Our analysis begins with General Obligations Law § 15-108 (a), which provides that: "When a release or a covenant not to sue * * * is given to one of two or more persons liable or claimed to be liable in tort for the same injury * * * it does not discharge any of the other tortfeasors from liability for the injury * * * unless its terms expressly so provide.” Significantly, a discharged party need not be specifically named or identified to be a beneficiary of a general release or covenant not to sue (see, Wells v Shearson Lehman/ Am. Express, 72 NY2d 11, 18-25). Under the express and unambiguous terms of *849the release, it is clear that Feulner—a clear tortfeasor in the underlying accident—was discharged from, all liability. Although defendant itself cannot be considered a "tortfeasor” within the meaning of the release or General Obligations Law § 15-108, nor is the instant action a tort action, the release nevertheless warrants dismissal of the complaint in this case.

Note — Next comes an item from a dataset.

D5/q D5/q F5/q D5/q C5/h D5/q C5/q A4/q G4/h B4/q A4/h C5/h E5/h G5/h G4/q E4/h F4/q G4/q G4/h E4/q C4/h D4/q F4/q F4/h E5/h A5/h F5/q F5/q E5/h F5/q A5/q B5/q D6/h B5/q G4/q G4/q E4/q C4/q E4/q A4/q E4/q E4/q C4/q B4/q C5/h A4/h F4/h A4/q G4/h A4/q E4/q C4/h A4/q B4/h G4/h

Indemnification flows from a contractual relationship (see, e.g., Riviello v Waldron, 47 NY2d 297, 306). The "duty to indemnify turns not on the pleadings but on the actual facts” (Ingber v Home Ins. Co., 140 AD2d 750, 751; see, Servidone Constr. Corp. v Security Ins. Co., 64 NY2d 419, 425). By virtue of the release discharging Feulner, and therefore his estate, from all liability, defendant has no obligation to indemnify under the contract.

We reach the same result with respect to defendant’s duty to defend. Without doubt, this duty is exceedingly broader than and distinct from the duty to indemnify (see, e.g., ReddingHunter, Inc. v Aetna Cas. & Sur. Co., 206 AD2d 805, 806, lv denied 86 NY2d 709; Curtis v Nutmeg Ins. Co., 204 AD2d 833, 834, lv dismissed 84 NY2d 1027), for even where a complaint on its face fails to state a covered claim an "insurer must provide a defense if it has knowledge of facts which potentially bring the claim within the policy’s indemnity coverage” (Fitzpatrick v American Honda Motor Co., 78 NY2d 61, 66). On the other hand, even where a complaint on its face states a covered claim and issues concerning the validity of an insurer’s disclaimer remain unresolved, when the uncontroverted facts prove that no duty to indemnify exists the insurer must be relieved of its duty to defend.

An insurer has no obligation to defend an action " ' "if it could be concluded as a matter of law that there is no possible factual or legal basis on which [the insurer] might eventually be held to be obligated to indemnify [the insured] under any provision of the insurance policy” ’ ” (Jubin v St. Paul Fire & Mar. Ins. Co., 236 AD2d 712, 714, quoting Servidone Constr. Corp. v Security Ins. Co., supra, at 424 [emphasis supplied]; see, Home Mut. Ins. Co. v Lapi, 192 AD2d 927, 928). Here, because of the release, there is no possible factual or legal basis on which defendant might eventually be obligated to indemnify Feulner’s estate (see, e.g., Continental Cas. Co. v Rapid-American Corp., 80 NY2d 640, 648; Fitzpatrick v American Honda Motor Co., supra, at 66-67; Seaboard Sur. Co. v Gillette Co., 64 NY2d 304, 311-312; cf., Emery v Capital Mut. Ins. Co., 151 AD2d 854). Accordingly, we find that summary judgment was properly awarded to defendant.

*850Furthermore, we do not view the result in this case to be a collateral attack on the underlying judgment against the estate. Permitting defendant to defend the instant action by asserting the legal effect of the release on its duty to defend and indemnify in no way impairs the validity of the prior judgment (cf., Saxl v Roberts, 37 AD2d 932; Kupferman v Consolidated Research & Mfr. Corp., 459 F2d 1072). Plaintiff may still enforce that judgment against the assets, if any, of Feulner’s estate. That the estate may be insolvent is of no legal consequence to the limited contractual issues presently before this Court.

The remaining contentions raised by the parties have either been rendered academic in light of this Court’s findings or considered and determined to be without merit.

Cardona, P. J., White, Peters and Spain, JJ., concur. Ordered that the appeal from the order entered July 2, 1996 is dismissed, as academic. Ordered that the order entered July 24, 1996 is affirmed, with costs.